Work task
Every record should be written out exactly, with the pictures left out.

Entries shown

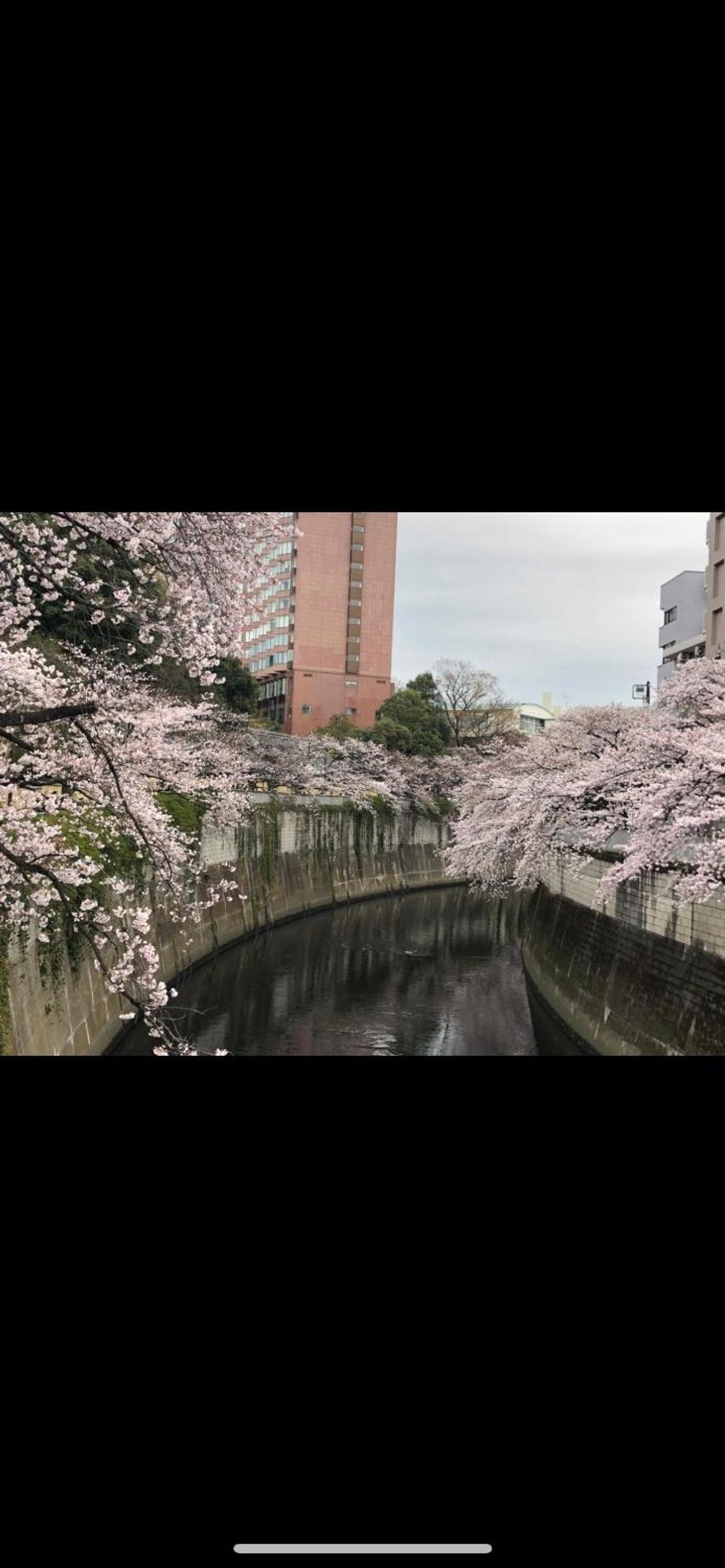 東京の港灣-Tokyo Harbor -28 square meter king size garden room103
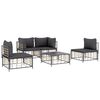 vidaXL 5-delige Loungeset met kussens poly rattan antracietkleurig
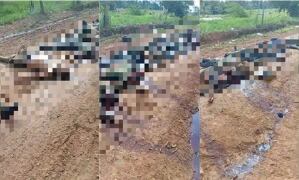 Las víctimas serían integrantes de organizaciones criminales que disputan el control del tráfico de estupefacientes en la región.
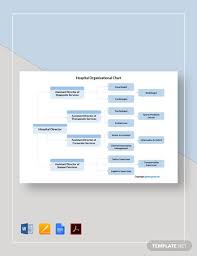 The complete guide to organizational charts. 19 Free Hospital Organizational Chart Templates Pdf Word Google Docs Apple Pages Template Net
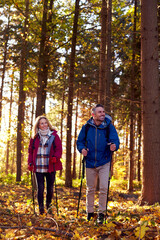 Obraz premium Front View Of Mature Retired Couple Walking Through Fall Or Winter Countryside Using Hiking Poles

Output below
 東京の港灣-Tokyo Harbor -28 square meter king size garden room103
 vidaXL 5-delige Loungeset met kussens poly rattan antracietkleurig
 Las víctimas serían integrantes de organizaciones criminales que disputan el control del tráfico de estupefacientes en la región.
 The complete guide to organizational charts. 19 Free Hospital Organizational Chart Templates Pdf Word Google Docs Apple Pages Template Net
 Obraz premium Front View Of Mature Retired Couple Walking Through Fall Or Winter Countryside Using Hiking Poles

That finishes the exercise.